Leave out the images and transcribe the entries below word for word.

◆ Given entries

◆ ◆ ◆ ◆ ◆ ◆ ◆

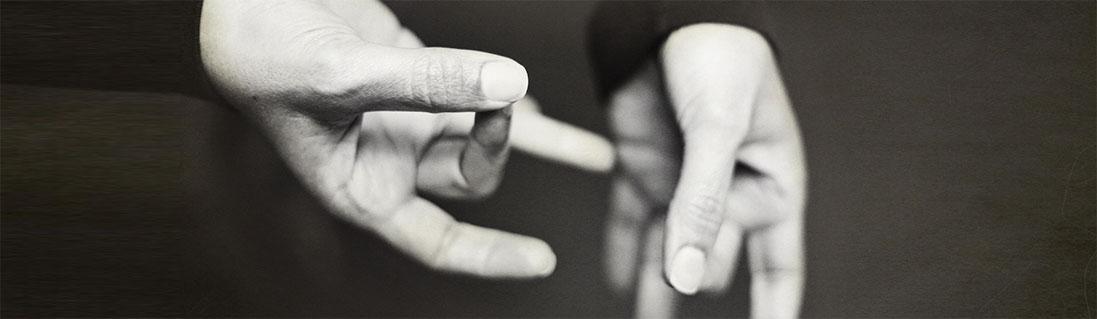 Image shows hands signing.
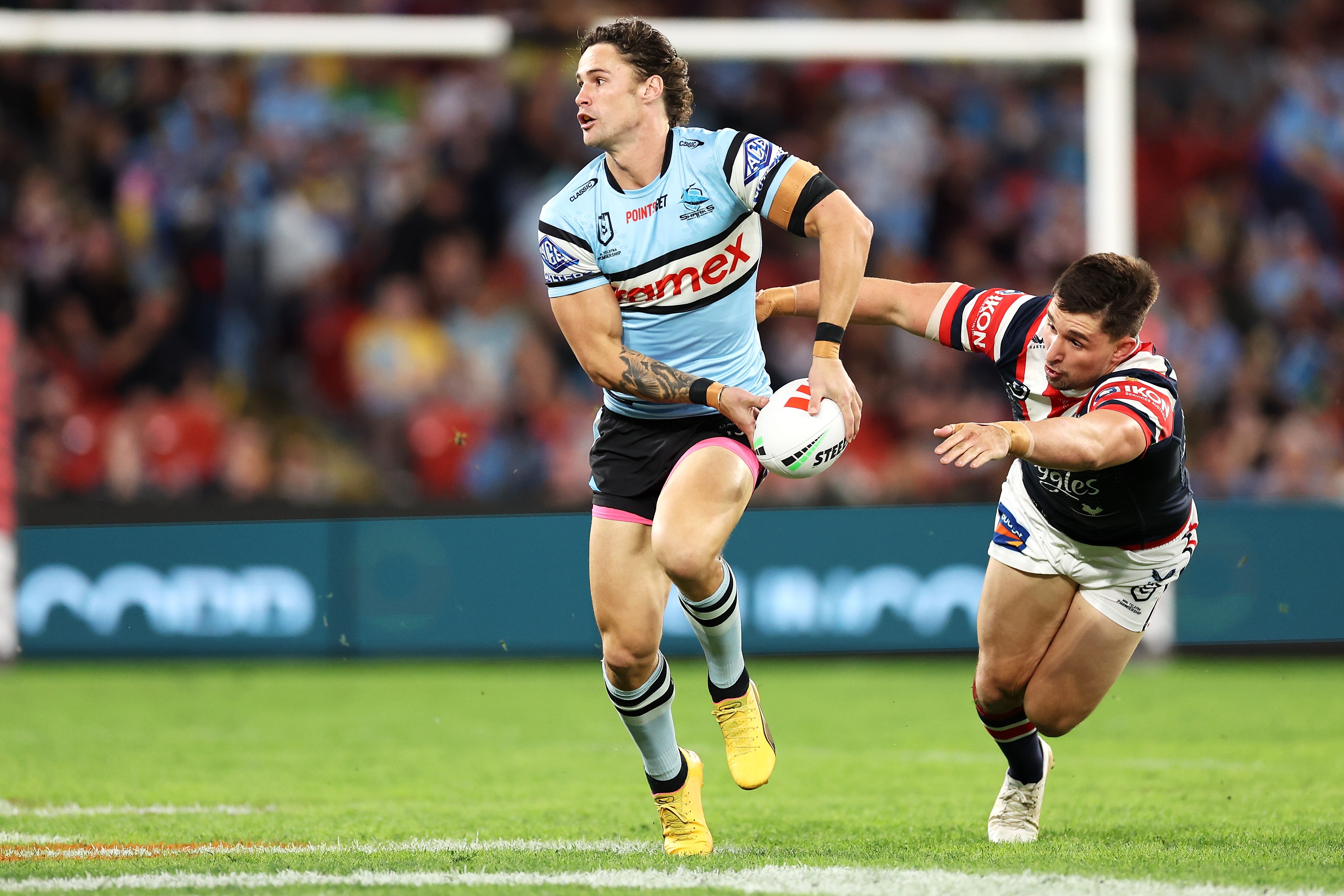 Nich Hynes of the Cronulla SHarks runs with the football as Sydney Roosters defender Victor Radley dives after him.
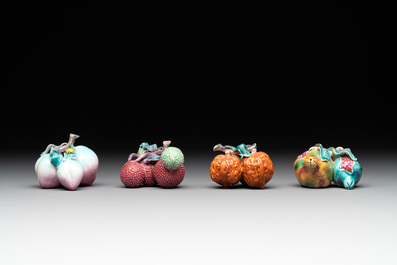 A collection of 12 Chinese famille rose fruit models, including a peach-shaped box and cover, 19th C.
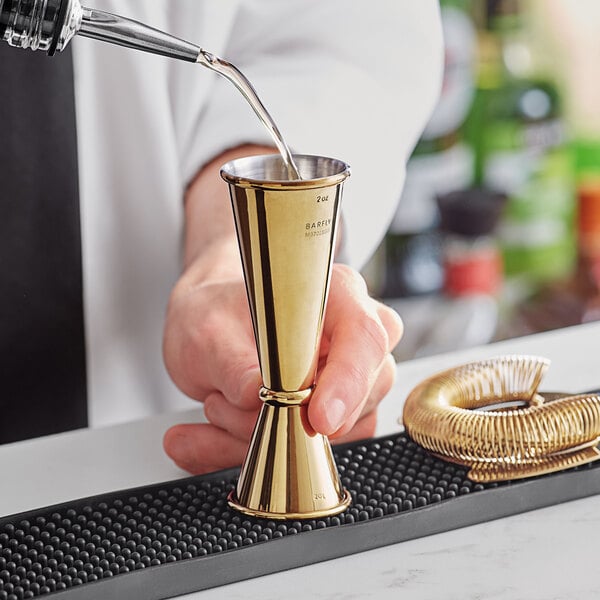 A person using a Barfly gold-plated Japanese style jigger to pour liquid into a gold cup.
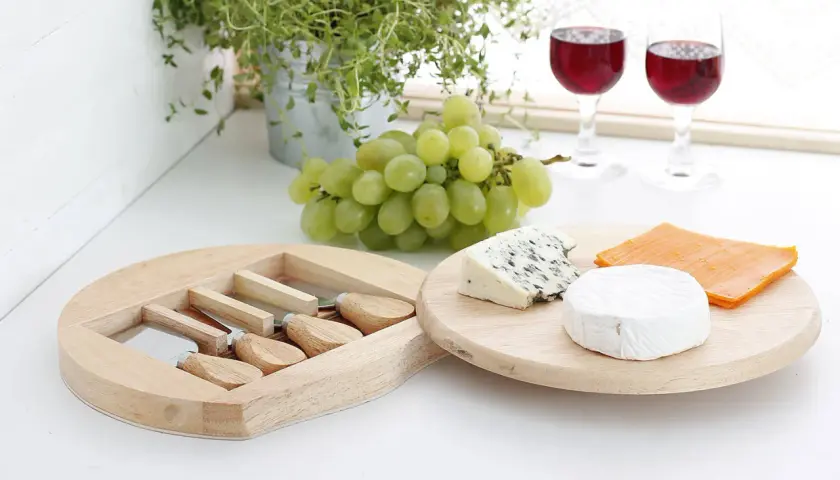 Jak przygotować deskę serów do wina: dobór smaków i tekstur. Ser pleśniowy, brie i cheddar z winogronami i kieliszkami wina.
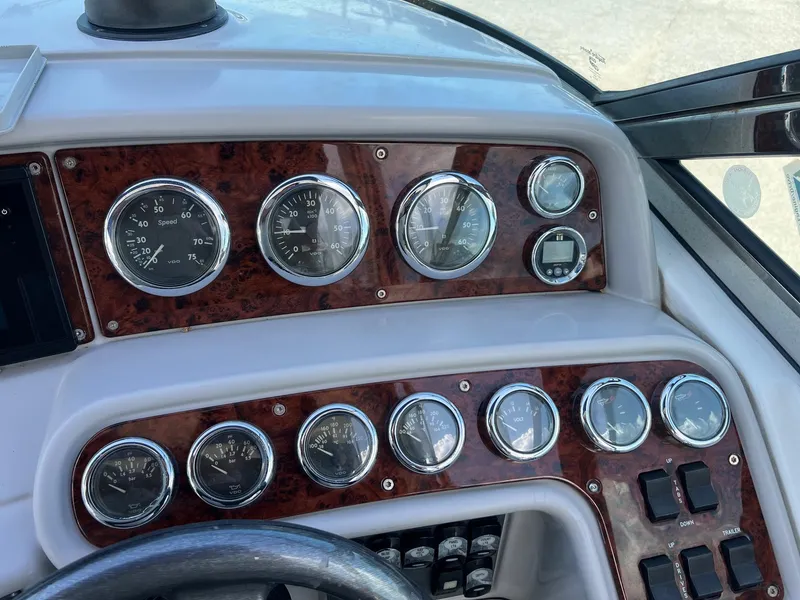 Slide: The Image of Dashboard of a 2004 Formula 280 Bowrider boat with gauges and controls. - 7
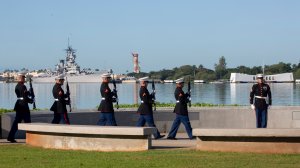 The U.S. Marine Corps gives the rifle salute as Pearl Harbor Commemorates the 78th Anniversary Of World War II Attacks as Pearl Harbor Commemorates the 78th Anniversary Of World War II Attacks at the Pearl Harbor National Memorial on December 7, 2019 in Honolulu, Hawaii. (Credit: Kat Wade/Getty Images)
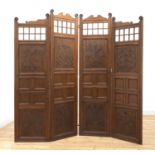 An Arts and Crafts oak four-fold dressing screen,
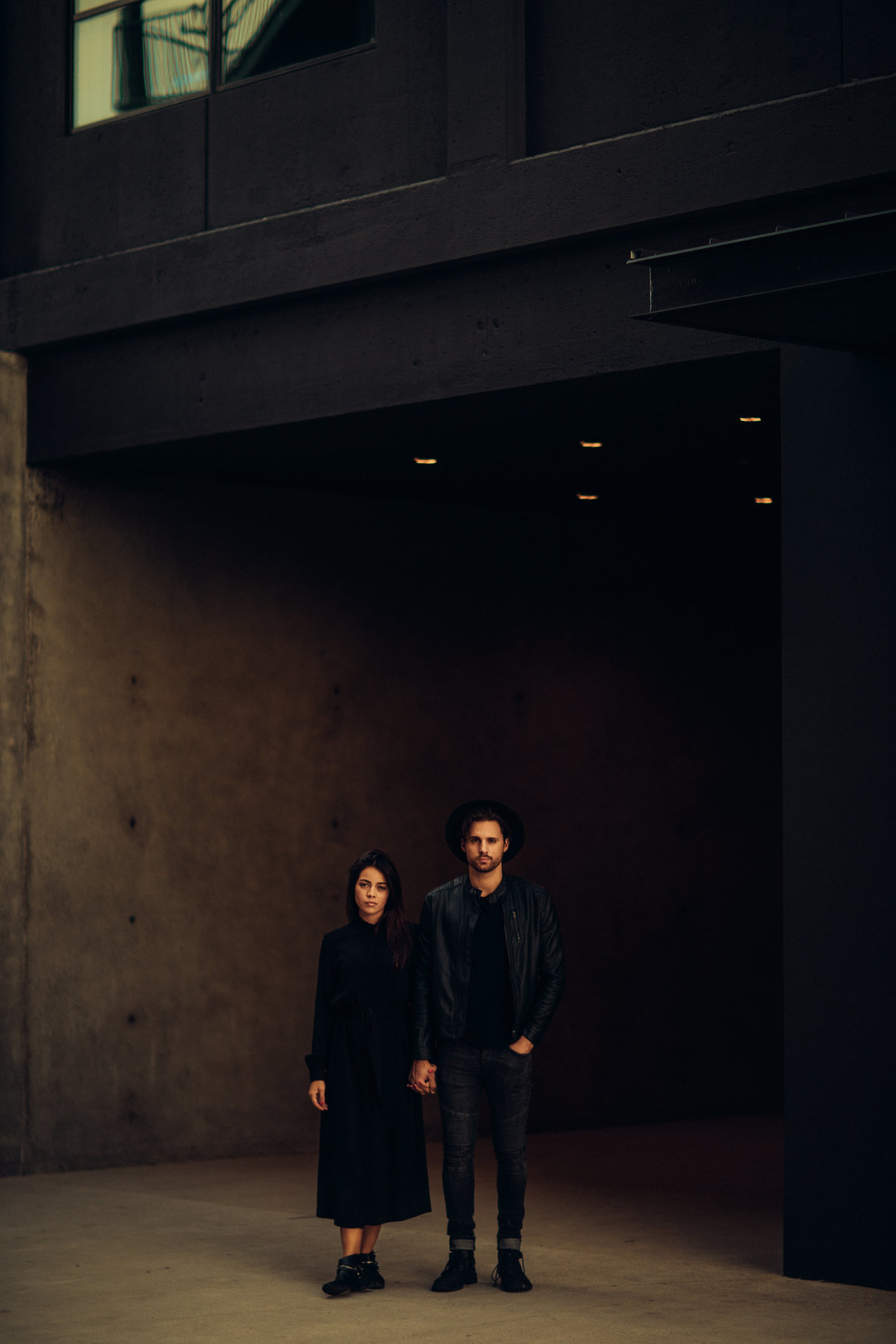 Engagement Photography Of Couple Holding Hands Under Building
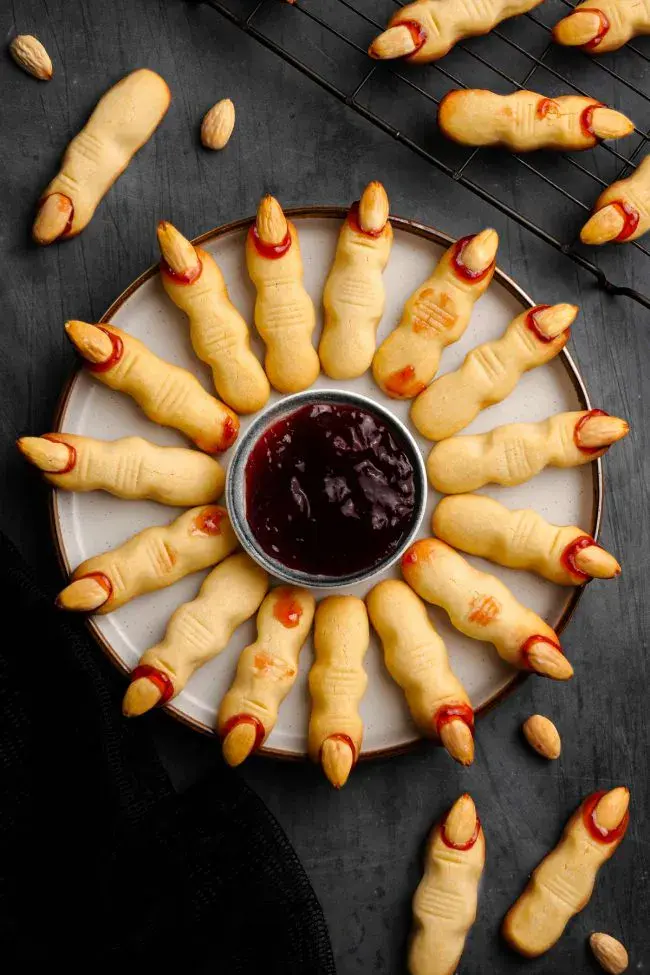 These creepy witch finger cookies are a Halloween classic! Shaped like gnarly fingers and finished with almond ânailsâ and a dab of red jam, theyâre scary good fun.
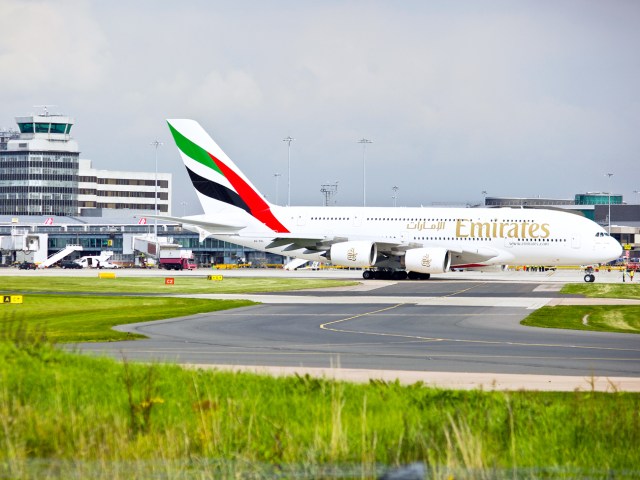 Emirates Airbus A380 jumbo-jet taxiing on runway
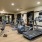 fitness center with large open spaces allowing room for workouts and for using equipment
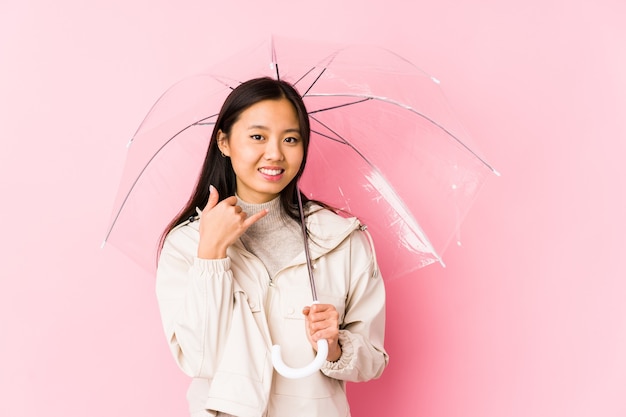 Young chinese woman holding a umbrella isolated showing a mobile phone call gesture with fingers.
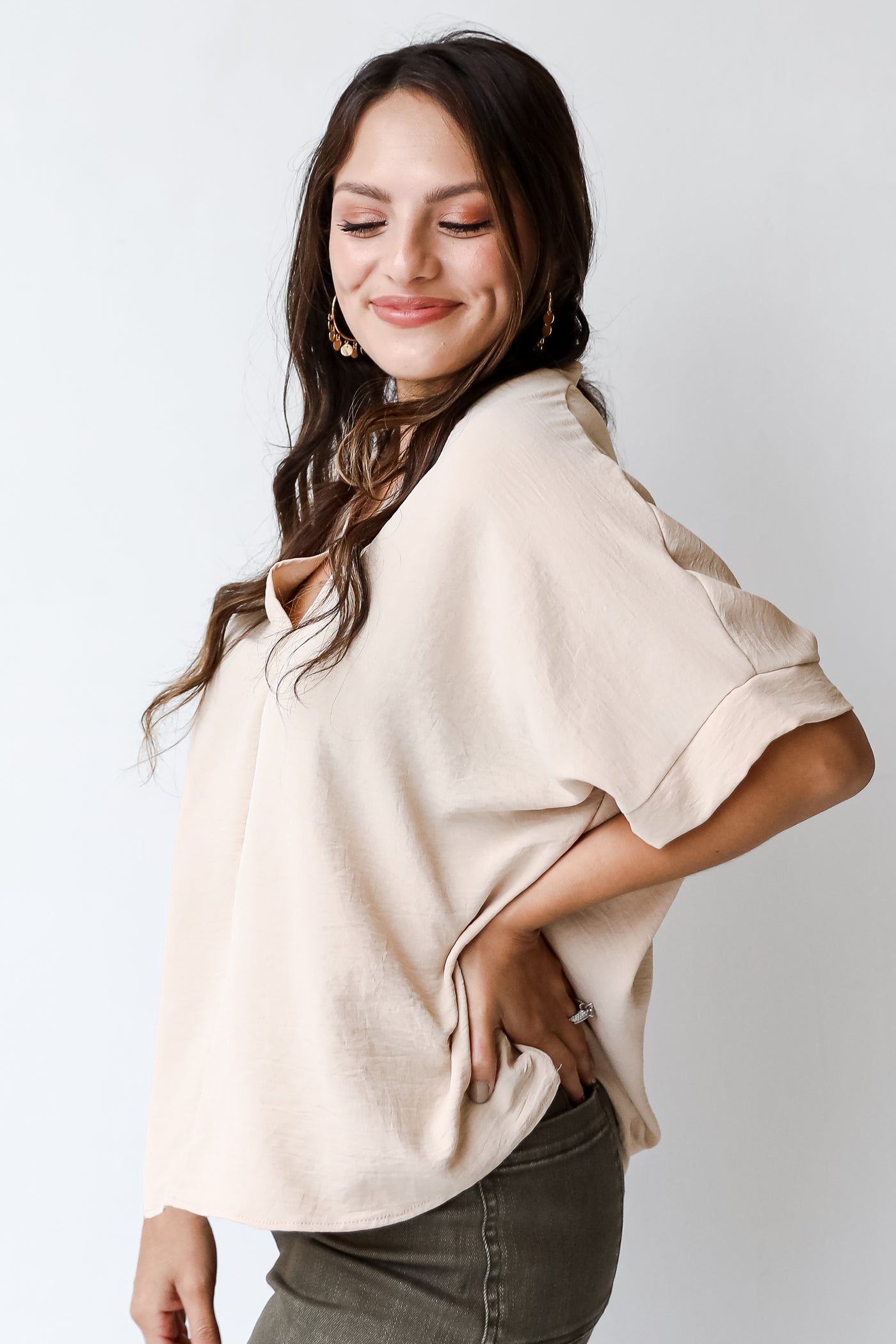 taupe blouse side view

◆ ◆ ◆ ◆ ◆ ◆ ◆

◆ Exercise output
 Image shows hands signing.
 Nich Hynes of the Cronulla SHarks runs with the football as Sydney Roosters defender Victor Radley dives after him.
 A collection of 12 Chinese famille rose fruit models, including a peach-shaped box and cover, 19th C.
 A person using a Barfly gold-plated Japanese style jigger to pour liquid into a gold cup.
 Jak przygotować deskę serów do wina: dobór smaków i tekstur. Ser pleśniowy, brie i cheddar z winogronami i kieliszkami wina.
 Slide: The Image of Dashboard of a 2004 Formula 280 Bowrider boat with gauges and controls. - 7
 The U.S. Marine Corps gives the rifle salute as Pearl Harbor Commemorates the 78th Anniversary Of World War II Attacks as Pearl Harbor Commemorates the 78th Anniversary Of World War II Attacks at the Pearl Harbor National Memorial on December 7, 2019 in Honolulu, Hawaii. (Credit: Kat Wade/Getty Images)
 An Arts and Crafts oak four-fold dressing screen,
 Engagement Photography Of Couple Holding Hands Under Building
 These creepy witch finger cookies are a Halloween classic! Shaped like gnarly fingers and finished with almond ânailsâ and a dab of red jam, theyâre scary good fun.
 Emirates Airbus A380 jumbo-jet taxiing on runway
 fitness center with large open spaces allowing room for workouts and for using equipment
 Young chinese woman holding a umbrella isolated showing a mobile phone call gesture with fingers.
 taupe blouse side view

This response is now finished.